PROVIDED ENTRIES:
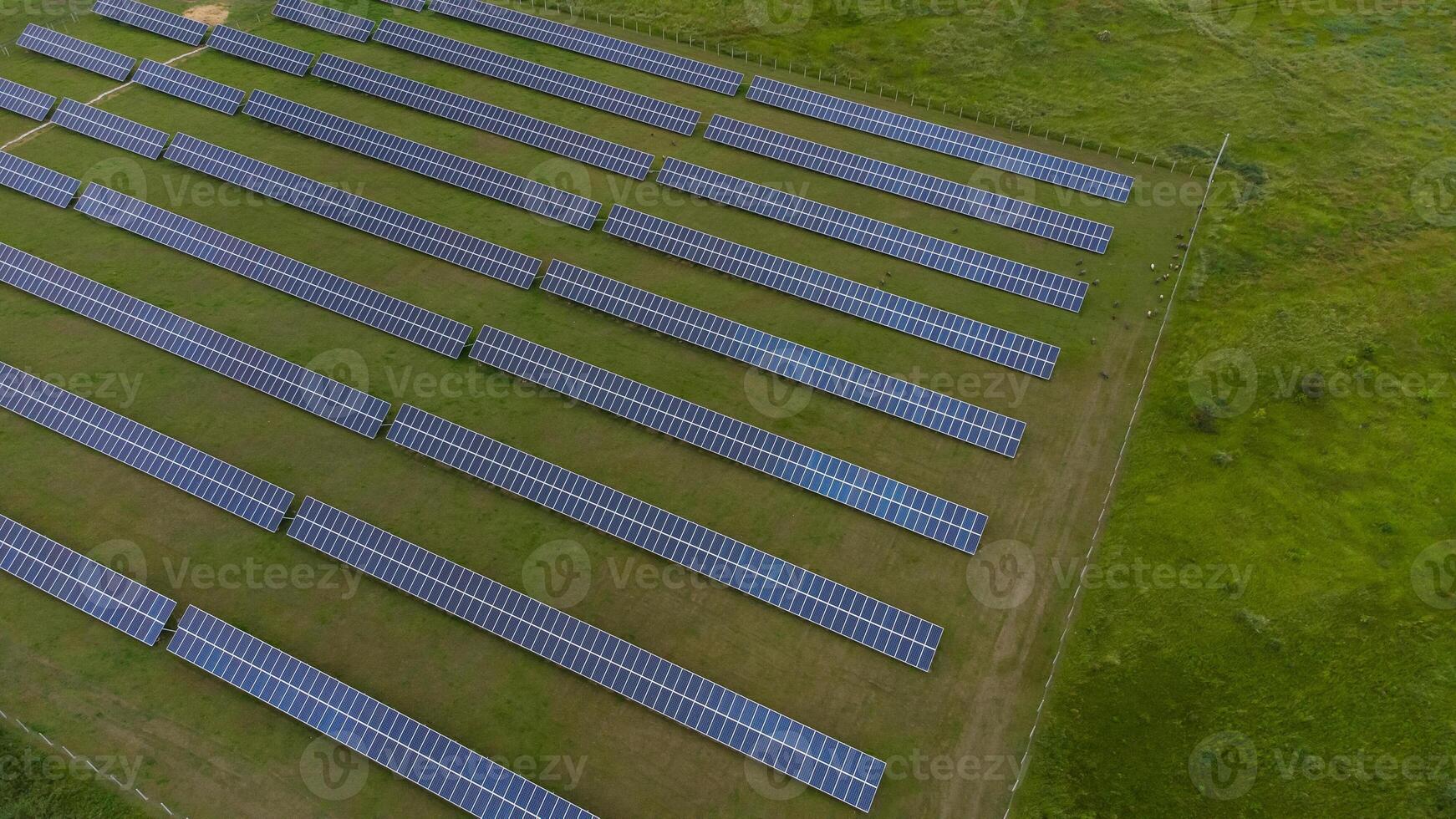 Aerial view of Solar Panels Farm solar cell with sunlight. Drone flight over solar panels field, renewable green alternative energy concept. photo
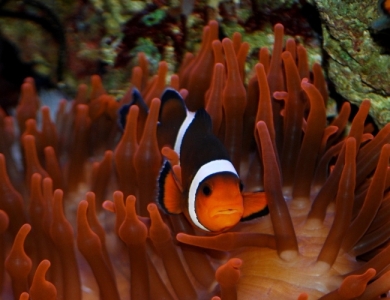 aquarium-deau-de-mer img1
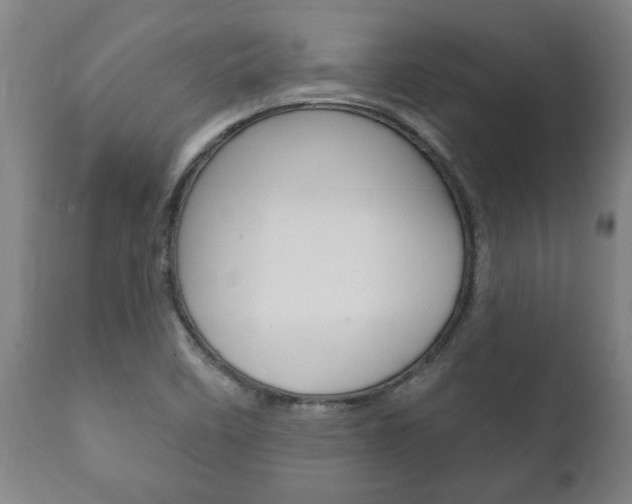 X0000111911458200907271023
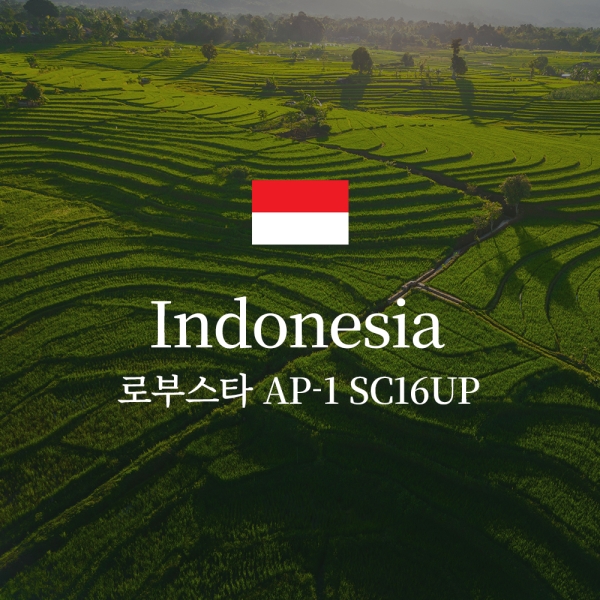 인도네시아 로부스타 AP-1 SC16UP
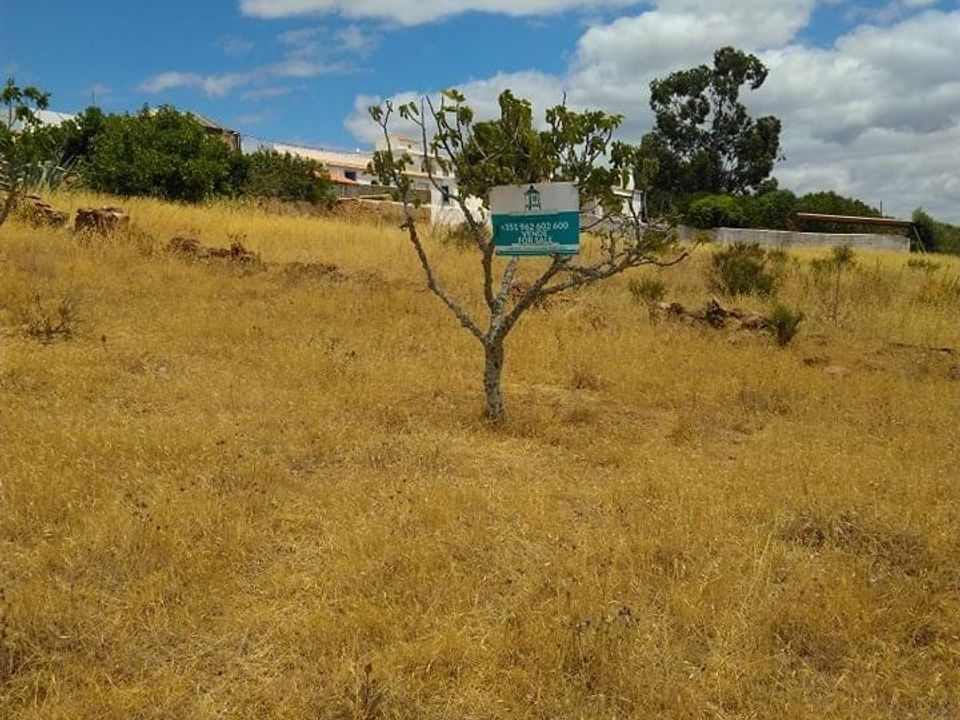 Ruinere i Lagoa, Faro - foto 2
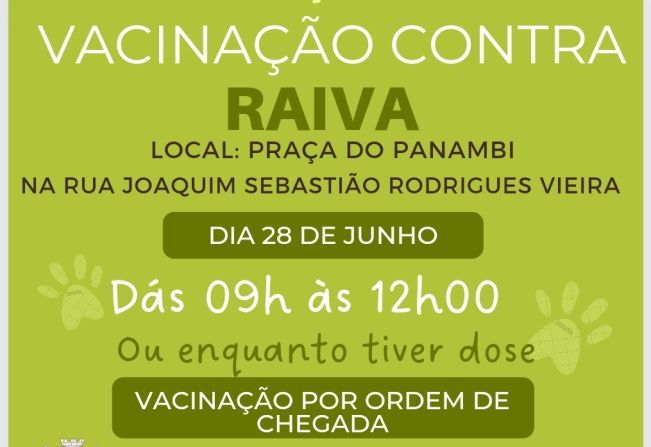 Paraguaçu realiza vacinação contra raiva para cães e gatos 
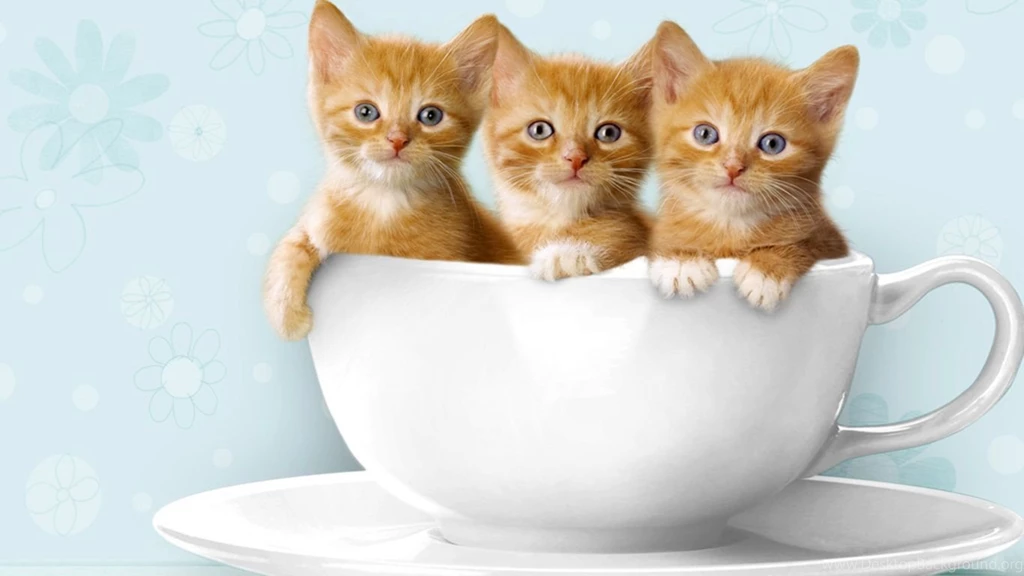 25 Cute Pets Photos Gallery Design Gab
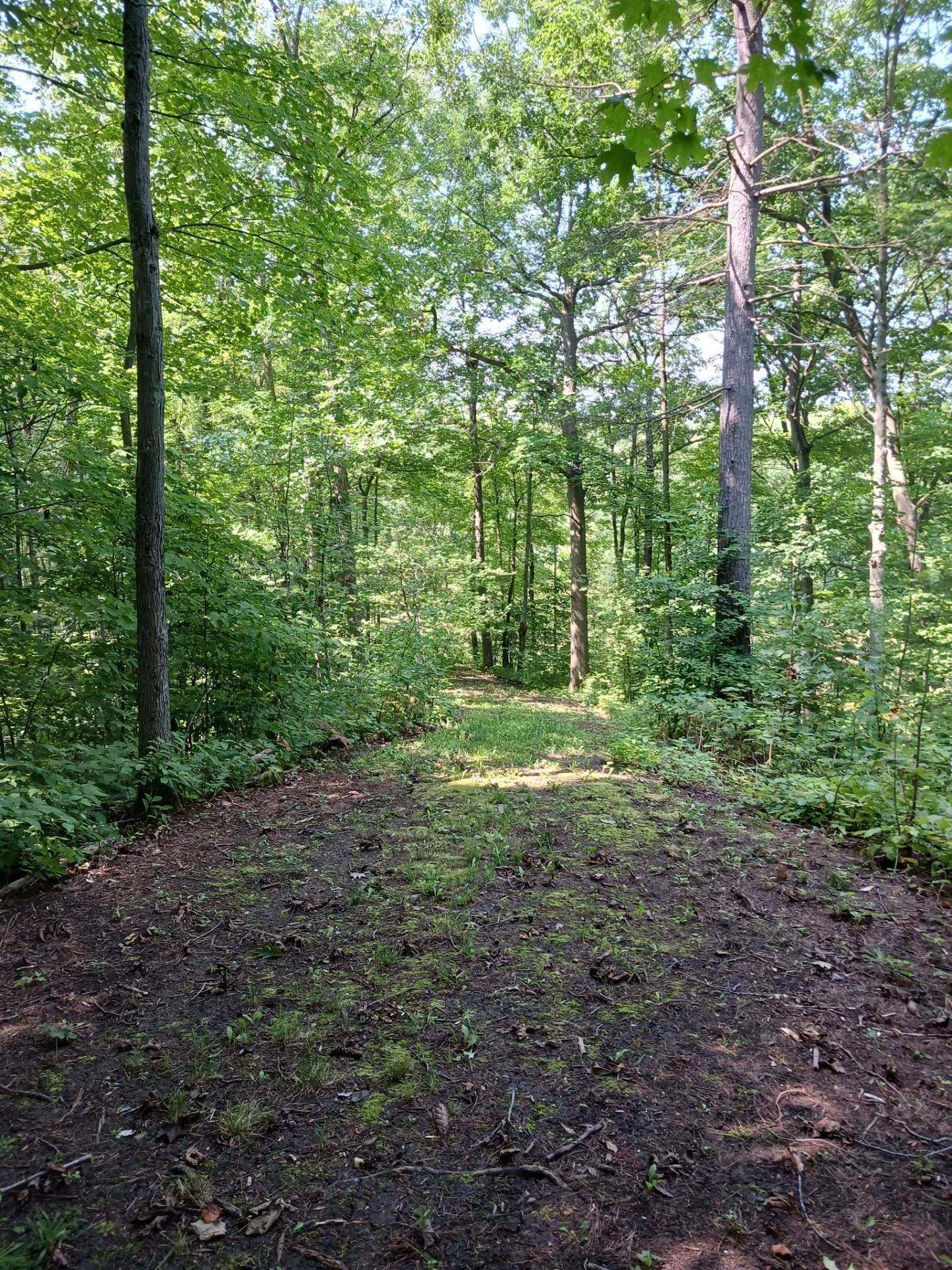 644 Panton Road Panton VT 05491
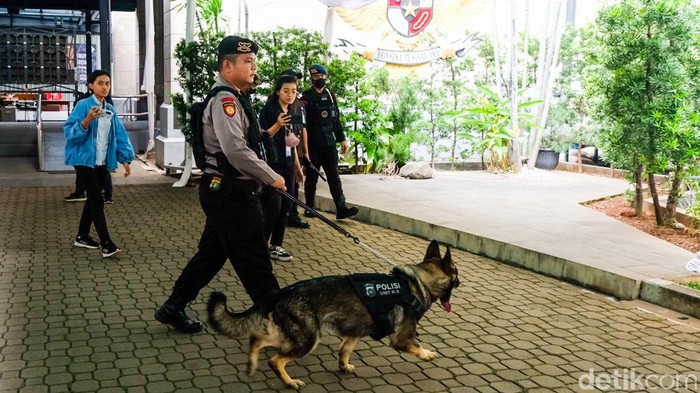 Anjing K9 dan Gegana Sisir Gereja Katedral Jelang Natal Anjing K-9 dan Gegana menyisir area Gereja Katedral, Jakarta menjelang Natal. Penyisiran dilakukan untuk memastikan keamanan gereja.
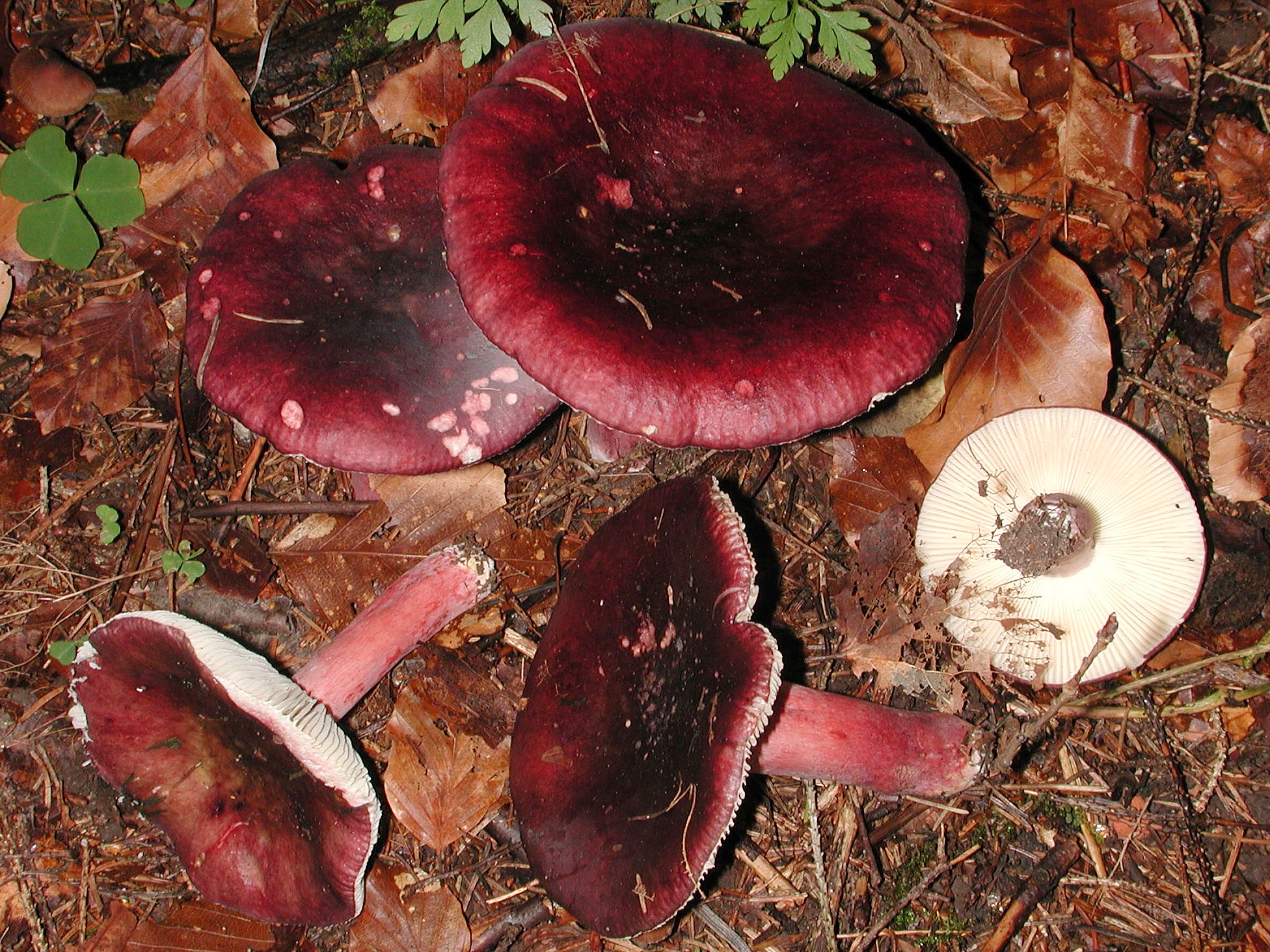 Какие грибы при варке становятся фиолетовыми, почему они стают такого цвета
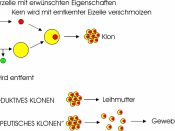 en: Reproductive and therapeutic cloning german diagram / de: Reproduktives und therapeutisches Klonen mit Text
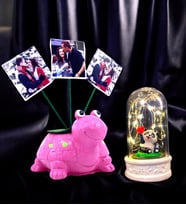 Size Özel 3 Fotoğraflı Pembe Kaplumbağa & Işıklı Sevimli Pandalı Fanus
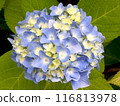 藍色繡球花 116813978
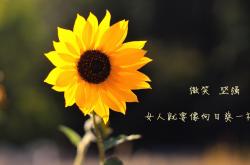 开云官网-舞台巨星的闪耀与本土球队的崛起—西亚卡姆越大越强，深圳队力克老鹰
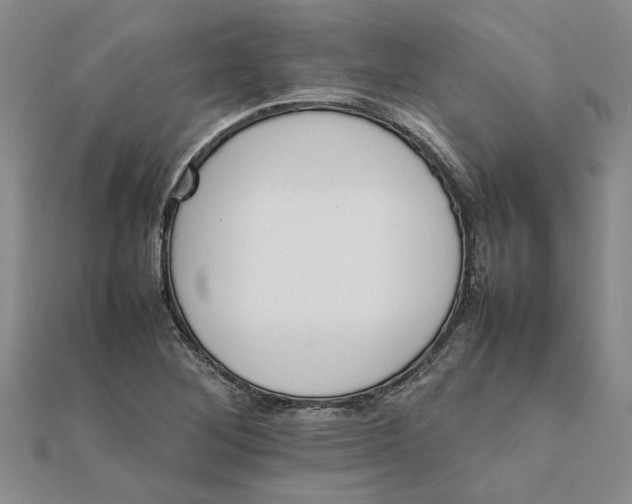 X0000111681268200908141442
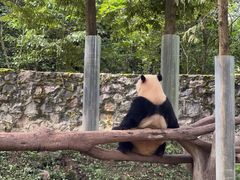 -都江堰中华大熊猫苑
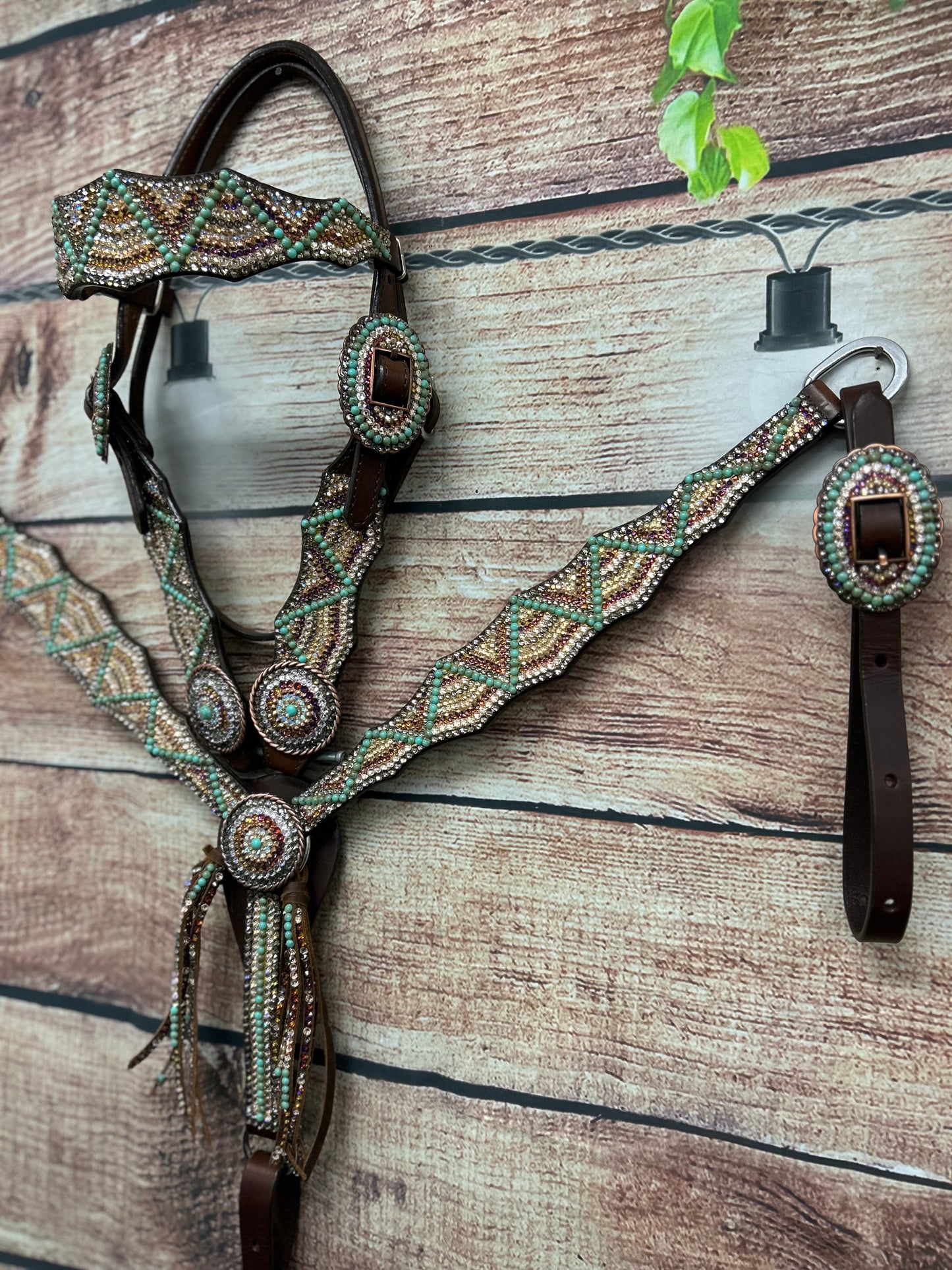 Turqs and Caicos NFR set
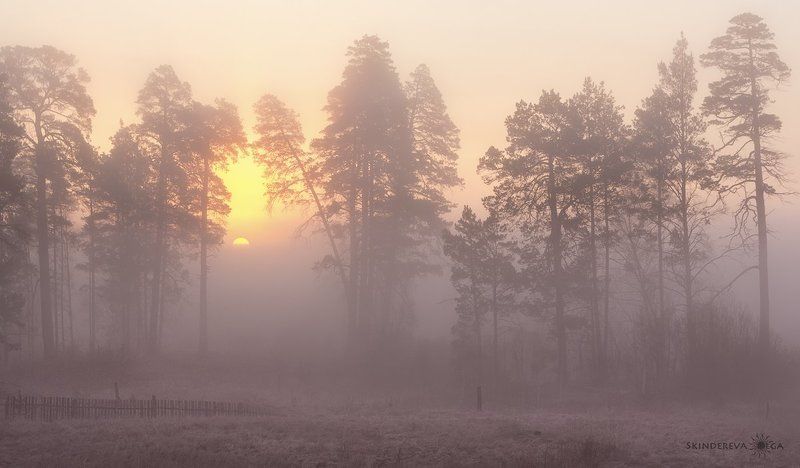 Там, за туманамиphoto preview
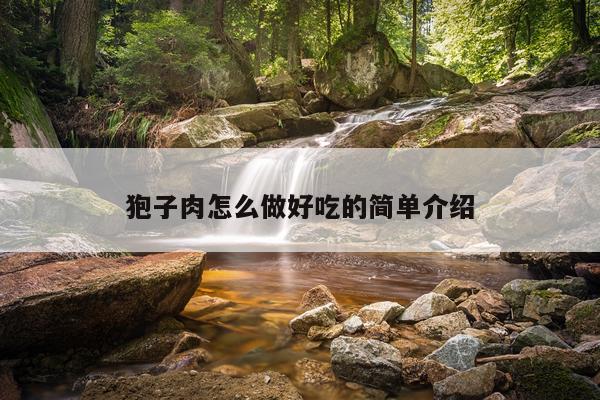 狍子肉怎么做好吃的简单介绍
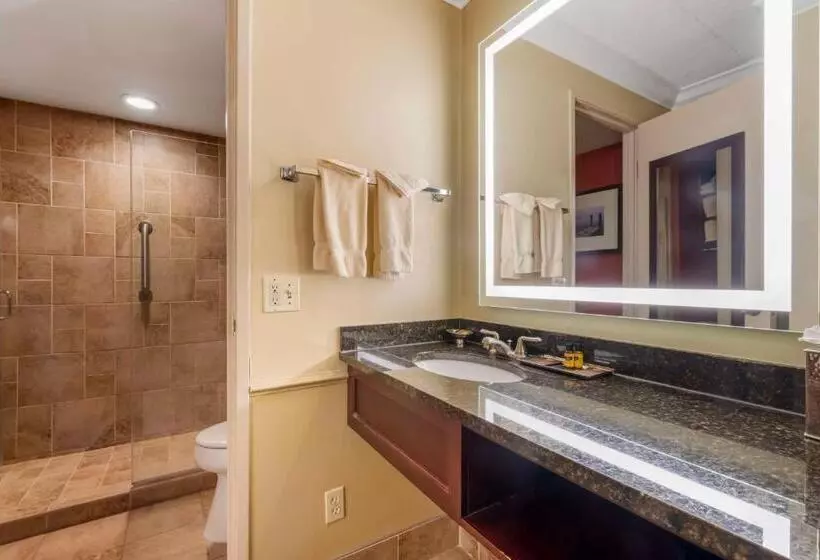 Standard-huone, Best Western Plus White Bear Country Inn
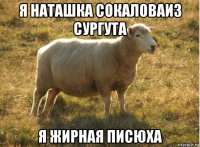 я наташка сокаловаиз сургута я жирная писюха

WHAT YOU ARE ASKED TO DO:
Without including any pictures, output all the entries above exactly.

ANSWER SECTION:
 Aerial view of Solar Panels Farm solar cell with sunlight. Drone flight over solar panels field, renewable green alternative energy concept. photo
 aquarium-deau-de-mer img1
 X0000111911458200907271023
 인도네시아 로부스타 AP-1 SC16UP
 Ruinere i Lagoa, Faro - foto 2
 Paraguaçu realiza vacinação contra raiva para cães e gatos 
 25 Cute Pets Photos Gallery Design Gab
 644 Panton Road Panton VT 05491
 Anjing K9 dan Gegana Sisir Gereja Katedral Jelang Natal Anjing K-9 dan Gegana menyisir area Gereja Katedral, Jakarta menjelang Natal. Penyisiran dilakukan untuk memastikan keamanan gereja.
 Какие грибы при варке становятся фиолетовыми, почему они стают такого цвета
 en: Reproductive and therapeutic cloning german diagram / de: Reproduktives und therapeutisches Klonen mit Text
 Size Özel 3 Fotoğraflı Pembe Kaplumbağa & Işıklı Sevimli Pandalı Fanus
 藍色繡球花 116813978
 开云官网-舞台巨星的闪耀与本土球队的崛起—西亚卡姆越大越强，深圳队力克老鹰
 X0000111681268200908141442
 -都江堰中华大熊猫苑
 Turqs and Caicos NFR set
 Там, за туманамиphoto preview
 狍子肉怎么做好吃的简单介绍
 Standard-huone, Best Western Plus White Bear Country Inn
 я наташка сокаловаиз сургута я жирная писюха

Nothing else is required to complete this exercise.